Exercise aim:
Give back, word for word, the lines in the listing below from the one holding "Dubble Bubble 850" down to the one holding "Pure Silk Dhoti", both ends included.

Supplied material:

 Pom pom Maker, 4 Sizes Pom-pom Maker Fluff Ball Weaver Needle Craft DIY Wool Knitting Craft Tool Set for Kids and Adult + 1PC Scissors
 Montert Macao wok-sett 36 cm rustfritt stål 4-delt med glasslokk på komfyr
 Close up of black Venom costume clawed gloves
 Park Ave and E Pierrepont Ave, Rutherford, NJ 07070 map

--

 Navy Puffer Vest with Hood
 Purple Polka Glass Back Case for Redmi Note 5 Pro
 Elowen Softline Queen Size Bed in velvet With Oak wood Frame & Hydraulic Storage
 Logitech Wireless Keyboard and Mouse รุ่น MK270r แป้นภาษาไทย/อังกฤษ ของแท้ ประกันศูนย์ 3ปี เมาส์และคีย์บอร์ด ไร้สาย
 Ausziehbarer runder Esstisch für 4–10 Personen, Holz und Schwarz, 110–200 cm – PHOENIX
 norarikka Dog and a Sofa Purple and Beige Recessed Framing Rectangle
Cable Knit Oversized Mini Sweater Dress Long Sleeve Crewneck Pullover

---

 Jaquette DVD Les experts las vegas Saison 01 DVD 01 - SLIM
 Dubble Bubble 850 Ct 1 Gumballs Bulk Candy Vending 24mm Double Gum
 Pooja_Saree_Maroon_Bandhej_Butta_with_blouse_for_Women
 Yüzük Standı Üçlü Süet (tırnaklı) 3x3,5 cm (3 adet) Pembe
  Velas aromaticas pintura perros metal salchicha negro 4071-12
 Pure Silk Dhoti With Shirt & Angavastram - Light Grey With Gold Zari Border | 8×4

Worked solution:
 Dubble Bubble 850 Ct 1 Gumballs Bulk Candy Vending 24mm Double Gum
 Pooja_Saree_Maroon_Bandhej_Butta_with_blouse_for_Women
 Yüzük Standı Üçlü Süet (tırnaklı) 3x3,5 cm (3 adet) Pembe
  Velas aromaticas pintura perros metal salchicha negro 4071-12
 Pure Silk Dhoti With Shirt & Angavastram - Light Grey With Gold Zari Border | 8×4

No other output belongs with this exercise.